Our new, lightweight sukkah, came in a kit. It still requires a few people to assemble but it is far easier than my original one. But I did not buy the bamboo roof add on, assuming that I could rig something up on my own. On the front end, I saved $65. I have now spent hundreds of dollars and untold hours over several years to figure out a good way to hold the schach on the sukkah roof. I am too proud to now buy the $65 bamboo kit. This week I came up with my third design in five years, weaving twine between the roof poles. I thought it was a brilliant solution until I discovered how quickly 300’ of twine can get knotted. So, I spent several hours with my daughter, Jenny, unknotting twine, again and again, until we finished our twine weave.
It never fails. Each year that I assemble my sukkah, I am reminded of one of Mordecai Kaplan’s lesser-known books called The Meaning of God in Modern Jewish Religion. In it, Kaplan has a chapter on each Jewish festival, and he brilliantly builds a case for each holiday without centering God’s supernatural powers, which he did not believe in. He titles the chapter on Sukkot, “God as the Power that Makes for Cooperation”. Indeed, it is impossible to build a sukkah by yourself, as I have learned the hard way over many years.
I see Kaplan’s insight manifested when I join together with other members of our congregation who come together to build our congregation’s sukkah. When I was growing up at our Conservative synagogue on Long Island, I’d join my Dad to help build the congregational sukkah. It was sponsored by the synagogue’s Men’s Club and it was, definitely, a male-only affair. When we founded Adat Shalom Reconstructionist Congregation in Bethesda, MD in the late 1980’s, we intentionally avoided creating a Sisterhood and Men’s Club. The community, since its founding, has had a strong volunteer ethos including weekly, volunteer-led shabbat lunches, with each member being required to prepare and serve several onegs a year, often with 100-150 people in attendance. Sure enough, each year, women, men, teens and children turn out to build our communal sukkah. Is it heretical for the founding rabbi of a congregation to admit that he enjoys building the sukkah more than Sukkot services?

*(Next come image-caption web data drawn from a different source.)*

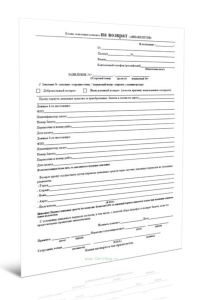 Заявление на возврат авиабилетов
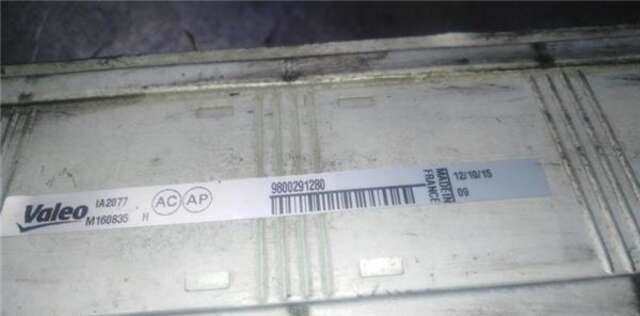 Intercooler Citroen C4 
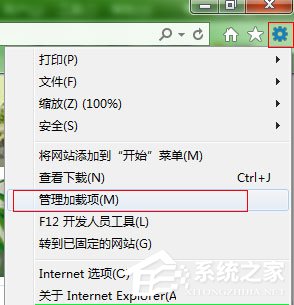 Win7系统IE浏览器如何取消禁用加载项提示？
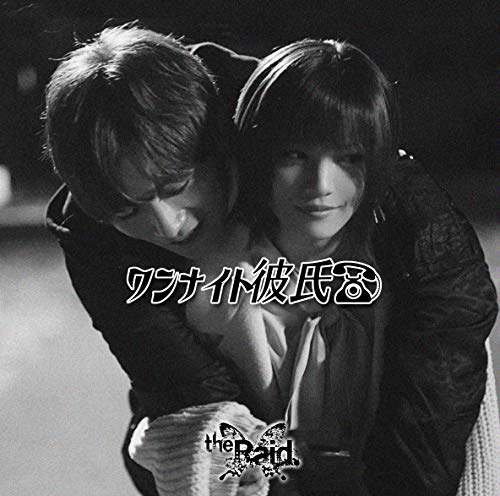 ワンナイト彼氏 [B-type] [CD] the Raid.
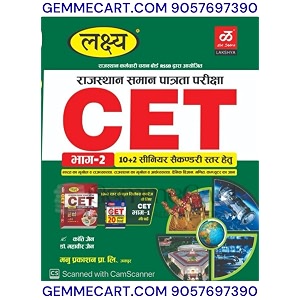 lakshya rajasthan cet 102 part 2 guide book for rssb rajasthan eligibility test 102 senior secondary level by kanti jain and mahaveer jain by manu prakashan 2025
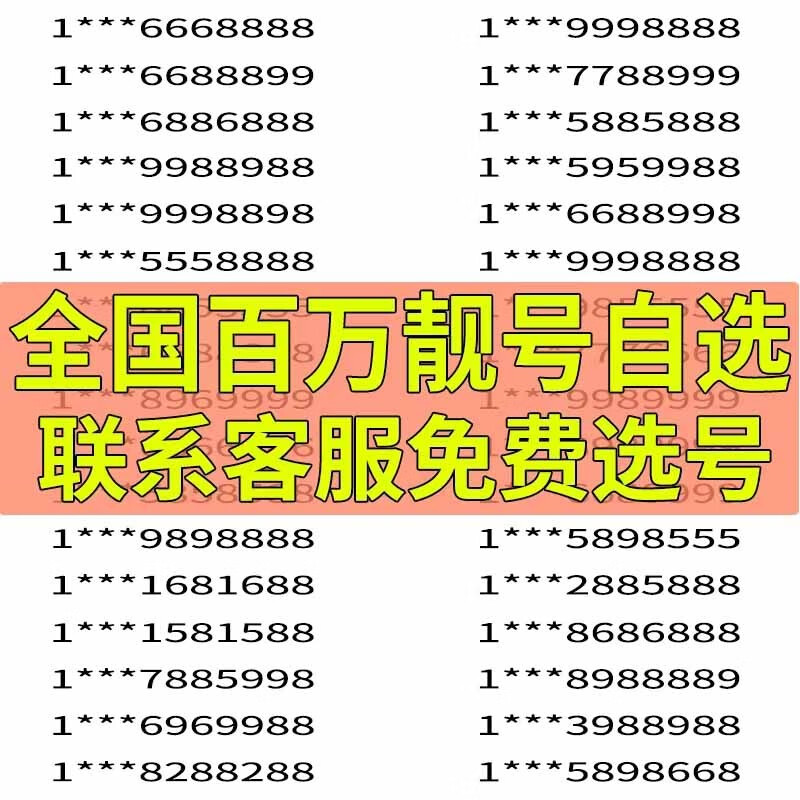 中国电信(z) 手机号码卡靓号全国号段手机号码情侣号电话卡豹子手机卡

We live in a society that has automated almost everything. The explosion of on-line shopping has even toppled one of the iconic symbols of American society, the shopping mall. Similar to the argument made by Robert Putnam in Bowling Alone that the decline of bowling leagues is a metaphor for the breakdown of America’s social fabric, everywhere we look we see reasons why we have become such a polarized society. There are fewer and fewer places where we come together, meet our neighbors and learn how to live cooperatively. America’s pluralistic democracy was built on the strength of the “public square”, where people from different ethnic, religious, political backgrounds could come together, see each other as human beings and, together, work to advance the common good. That public square has all but vanished in American and we are much poorer for it.
Increasingly, I like to describe Judaism as radically counter-cultural. My parent’s generation, many of whom were immigrants to this country, were eager to talk about how Judaism and Americanism were in harmony. It suited their need to fit in and feel like “real” Americans. My generation, and certainly that of my children, no longer has to prove that we belong in America. We are, however, challenged to make the case that Judaism has a place in our lives.
The case is simple. No society can long endure if it cannot find ways to bring people together to do something constructive for the common good. Judaism starts with community. It cannot be done alone. Just try to build a sukkah, and you will see why.